On Sat 3/10/07 15:55 MST Eric Blake wrote:
> According to Tom Rodman on 3/10/2007 8:14 AM:
> > ~ $ /tmp/foo <(echo ABC)
> > + test -s /proc/self/fd/63
> > + echo 1
> >
> > The 'test -s "$file"' in the test run above should return 0.
>
> How do you figure? pipes are special file types, and st_size is
> unspecified in a stat() call on a pipe, so the -s test is unreliable in
> the first place. Not to mention there is an inherent race in your script
> (did the 'echo ABC' process run before or after the 'test -s
> /proc/self/fd/63' builtin of the script?). I maintain that there is no
> bug except in your script.
Coming at this from a strictly end user view point, not having
read the "process substitution" bash man page section carefully I
wrongly assumed the <(list) mechanism in bash would support
the test -s. Thanks for straightening me out.

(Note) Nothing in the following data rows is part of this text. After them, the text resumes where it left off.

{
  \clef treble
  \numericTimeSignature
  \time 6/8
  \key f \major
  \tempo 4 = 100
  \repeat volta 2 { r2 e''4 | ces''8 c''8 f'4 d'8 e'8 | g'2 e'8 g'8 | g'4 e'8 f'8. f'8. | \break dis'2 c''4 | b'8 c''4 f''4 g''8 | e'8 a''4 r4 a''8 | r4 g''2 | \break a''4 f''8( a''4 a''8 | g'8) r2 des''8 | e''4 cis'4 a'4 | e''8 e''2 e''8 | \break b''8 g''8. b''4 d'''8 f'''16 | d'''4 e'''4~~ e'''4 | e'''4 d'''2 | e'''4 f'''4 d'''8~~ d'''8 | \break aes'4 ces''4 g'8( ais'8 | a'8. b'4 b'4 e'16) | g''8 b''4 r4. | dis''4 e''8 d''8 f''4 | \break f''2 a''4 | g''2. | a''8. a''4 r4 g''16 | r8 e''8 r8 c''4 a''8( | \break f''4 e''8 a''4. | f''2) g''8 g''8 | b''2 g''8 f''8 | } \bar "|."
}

So the key issue
is that we're dealing w/named pipes, not files.
--
*thanks*,
Tom
--
PS
It's interesting that the "test -s" works in the linux I have for
the "full pipe" case, and for this "empty pipe" case:
~ $ cat /tmp/foo
#!/bin/bash
file=$1
TMPF=$(mktemp /tmp/XXXXXX)
set -x
test -s "$file" || echo $?
cp $file $TMPF
cat $TMPF
~ $ /tmp/foo <(true)
+ test -s /dev/fd/63
+ echo 1
1
+ cp /dev/fd/63 /tmp/WJvtLk
+ cat /tmp/WJvtLk
~ $ date;uname -a
Sat Mar 10 17:53:22 CST 2007
Linux myhost.blah.nil 2.4.18-14 #1 Wed Sep 4 13:35:50 EDT 2002 i686 i686 i386 GNU/Linux
I did not run any of these test cases more than two or three
times, maybe after repeated tries, that race condition would
come into play.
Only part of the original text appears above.